Activity: Faithfully repeat all of the records, as they are written below.
▬▬▬
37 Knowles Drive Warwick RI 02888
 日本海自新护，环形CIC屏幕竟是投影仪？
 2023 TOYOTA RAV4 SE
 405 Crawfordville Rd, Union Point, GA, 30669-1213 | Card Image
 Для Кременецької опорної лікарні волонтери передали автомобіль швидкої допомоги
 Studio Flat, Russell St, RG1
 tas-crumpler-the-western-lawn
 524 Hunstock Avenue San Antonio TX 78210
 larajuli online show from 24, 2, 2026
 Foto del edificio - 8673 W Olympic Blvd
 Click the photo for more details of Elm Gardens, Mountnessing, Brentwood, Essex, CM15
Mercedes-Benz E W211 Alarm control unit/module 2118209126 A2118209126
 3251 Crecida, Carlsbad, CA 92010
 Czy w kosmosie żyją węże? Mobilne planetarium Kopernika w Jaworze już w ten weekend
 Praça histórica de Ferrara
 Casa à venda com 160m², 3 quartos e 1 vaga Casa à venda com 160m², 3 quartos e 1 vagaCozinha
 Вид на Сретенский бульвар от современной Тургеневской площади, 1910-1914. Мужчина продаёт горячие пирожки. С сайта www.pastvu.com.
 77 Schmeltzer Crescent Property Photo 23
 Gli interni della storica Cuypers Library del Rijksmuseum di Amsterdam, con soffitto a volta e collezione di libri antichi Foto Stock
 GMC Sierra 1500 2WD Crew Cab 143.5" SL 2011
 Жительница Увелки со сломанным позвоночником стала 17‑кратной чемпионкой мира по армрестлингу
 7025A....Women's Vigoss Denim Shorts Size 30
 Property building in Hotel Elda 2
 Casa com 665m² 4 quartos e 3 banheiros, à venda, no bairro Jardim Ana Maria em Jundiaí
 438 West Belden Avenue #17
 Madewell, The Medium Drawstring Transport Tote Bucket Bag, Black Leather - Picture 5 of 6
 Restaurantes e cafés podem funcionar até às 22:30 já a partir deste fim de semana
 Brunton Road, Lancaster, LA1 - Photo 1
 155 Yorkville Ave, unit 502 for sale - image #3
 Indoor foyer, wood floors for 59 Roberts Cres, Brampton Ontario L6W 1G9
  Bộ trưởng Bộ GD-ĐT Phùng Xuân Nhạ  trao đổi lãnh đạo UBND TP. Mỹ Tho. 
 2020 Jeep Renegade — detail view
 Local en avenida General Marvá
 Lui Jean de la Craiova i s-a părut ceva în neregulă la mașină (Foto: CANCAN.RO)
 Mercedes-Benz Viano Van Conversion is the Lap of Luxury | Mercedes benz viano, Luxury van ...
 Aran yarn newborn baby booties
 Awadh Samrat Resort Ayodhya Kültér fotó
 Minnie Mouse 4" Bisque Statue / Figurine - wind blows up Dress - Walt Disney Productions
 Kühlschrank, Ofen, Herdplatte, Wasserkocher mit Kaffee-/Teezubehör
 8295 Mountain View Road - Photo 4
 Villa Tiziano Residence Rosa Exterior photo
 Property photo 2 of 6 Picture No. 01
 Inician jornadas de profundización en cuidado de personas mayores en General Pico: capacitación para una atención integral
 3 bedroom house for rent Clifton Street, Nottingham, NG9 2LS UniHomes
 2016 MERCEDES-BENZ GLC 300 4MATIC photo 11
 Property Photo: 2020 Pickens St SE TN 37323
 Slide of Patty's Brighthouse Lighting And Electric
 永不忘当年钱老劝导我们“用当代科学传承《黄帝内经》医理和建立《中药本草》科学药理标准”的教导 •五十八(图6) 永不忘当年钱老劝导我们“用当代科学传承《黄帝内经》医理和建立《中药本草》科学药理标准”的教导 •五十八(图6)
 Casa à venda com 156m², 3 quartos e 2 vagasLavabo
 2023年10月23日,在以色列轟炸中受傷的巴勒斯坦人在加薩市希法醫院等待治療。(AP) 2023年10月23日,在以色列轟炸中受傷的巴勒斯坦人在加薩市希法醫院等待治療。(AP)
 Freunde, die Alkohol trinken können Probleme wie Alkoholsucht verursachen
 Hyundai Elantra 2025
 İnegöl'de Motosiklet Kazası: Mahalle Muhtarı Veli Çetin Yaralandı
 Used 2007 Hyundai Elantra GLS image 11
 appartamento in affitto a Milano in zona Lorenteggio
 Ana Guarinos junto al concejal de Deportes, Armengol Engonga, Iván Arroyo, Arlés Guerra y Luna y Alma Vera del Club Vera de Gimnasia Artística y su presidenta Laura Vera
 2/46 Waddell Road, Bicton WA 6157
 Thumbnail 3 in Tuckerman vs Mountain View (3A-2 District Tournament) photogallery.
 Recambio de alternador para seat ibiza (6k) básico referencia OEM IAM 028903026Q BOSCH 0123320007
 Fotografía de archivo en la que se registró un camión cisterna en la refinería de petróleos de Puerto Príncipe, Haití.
▬▬▬
Solved problem:
37 Knowles Drive Warwick RI 02888
 日本海自新护，环形CIC屏幕竟是投影仪？
 2023 TOYOTA RAV4 SE
 405 Crawfordville Rd, Union Point, GA, 30669-1213 | Card Image
 Для Кременецької опорної лікарні волонтери передали автомобіль швидкої допомоги
 Studio Flat, Russell St, RG1
 tas-crumpler-the-western-lawn
 524 Hunstock Avenue San Antonio TX 78210
 larajuli online show from 24, 2, 2026
 Foto del edificio - 8673 W Olympic Blvd
 Click the photo for more details of Elm Gardens, Mountnessing, Brentwood, Essex, CM15
Mercedes-Benz E W211 Alarm control unit/module 2118209126 A2118209126
 3251 Crecida, Carlsbad, CA 92010
 Czy w kosmosie żyją węże? Mobilne planetarium Kopernika w Jaworze już w ten weekend
 Praça histórica de Ferrara
 Casa à venda com 160m², 3 quartos e 1 vaga Casa à venda com 160m², 3 quartos e 1 vagaCozinha
 Вид на Сретенский бульвар от современной Тургеневской площади, 1910-1914. Мужчина продаёт горячие пирожки. С сайта www.pastvu.com.
 77 Schmeltzer Crescent Property Photo 23
 Gli interni della storica Cuypers Library del Rijksmuseum di Amsterdam, con soffitto a volta e collezione di libri antichi Foto Stock
 GMC Sierra 1500 2WD Crew Cab 143.5" SL 2011
 Жительница Увелки со сломанным позвоночником стала 17‑кратной чемпионкой мира по армрестлингу
 7025A....Women's Vigoss Denim Shorts Size 30
 Property building in Hotel Elda 2
 Casa com 665m² 4 quartos e 3 banheiros, à venda, no bairro Jardim Ana Maria em Jundiaí
 438 West Belden Avenue #17
 Madewell, The Medium Drawstring Transport Tote Bucket Bag, Black Leather - Picture 5 of 6
 Restaurantes e cafés podem funcionar até às 22:30 já a partir deste fim de semana
 Brunton Road, Lancaster, LA1 - Photo 1
 155 Yorkville Ave, unit 502 for sale - image #3
 Indoor foyer, wood floors for 59 Roberts Cres, Brampton Ontario L6W 1G9
  Bộ trưởng Bộ GD-ĐT Phùng Xuân Nhạ  trao đổi lãnh đạo UBND TP. Mỹ Tho. 
 2020 Jeep Renegade — detail view
 Local en avenida General Marvá
 Lui Jean de la Craiova i s-a părut ceva în neregulă la mașină (Foto: CANCAN.RO)
 Mercedes-Benz Viano Van Conversion is the Lap of Luxury | Mercedes benz viano, Luxury van ...
 Aran yarn newborn baby booties
 Awadh Samrat Resort Ayodhya Kültér fotó
 Minnie Mouse 4" Bisque Statue / Figurine - wind blows up Dress - Walt Disney Productions
 Kühlschrank, Ofen, Herdplatte, Wasserkocher mit Kaffee-/Teezubehör
 8295 Mountain View Road - Photo 4
 Villa Tiziano Residence Rosa Exterior photo
 Property photo 2 of 6 Picture No. 01
 Inician jornadas de profundización en cuidado de personas mayores en General Pico: capacitación para una atención integral
 3 bedroom house for rent Clifton Street, Nottingham, NG9 2LS UniHomes
 2016 MERCEDES-BENZ GLC 300 4MATIC photo 11
 Property Photo: 2020 Pickens St SE TN 37323
 Slide of Patty's Brighthouse Lighting And Electric
 永不忘当年钱老劝导我们“用当代科学传承《黄帝内经》医理和建立《中药本草》科学药理标准”的教导 •五十八(图6) 永不忘当年钱老劝导我们“用当代科学传承《黄帝内经》医理和建立《中药本草》科学药理标准”的教导 •五十八(图6)
 Casa à venda com 156m², 3 quartos e 2 vagasLavabo
 2023年10月23日,在以色列轟炸中受傷的巴勒斯坦人在加薩市希法醫院等待治療。(AP) 2023年10月23日,在以色列轟炸中受傷的巴勒斯坦人在加薩市希法醫院等待治療。(AP)
 Freunde, die Alkohol trinken können Probleme wie Alkoholsucht verursachen
 Hyundai Elantra 2025
 İnegöl'de Motosiklet Kazası: Mahalle Muhtarı Veli Çetin Yaralandı
 Used 2007 Hyundai Elantra GLS image 11
 appartamento in affitto a Milano in zona Lorenteggio
 Ana Guarinos junto al concejal de Deportes, Armengol Engonga, Iván Arroyo, Arlés Guerra y Luna y Alma Vera del Club Vera de Gimnasia Artística y su presidenta Laura Vera
 2/46 Waddell Road, Bicton WA 6157
 Thumbnail 3 in Tuckerman vs Mountain View (3A-2 District Tournament) photogallery.
 Recambio de alternador para seat ibiza (6k) básico referencia OEM IAM 028903026Q BOSCH 0123320007
 Fotografía de archivo en la que se registró un camión cisterna en la refinería de petróleos de Puerto Príncipe, Haití.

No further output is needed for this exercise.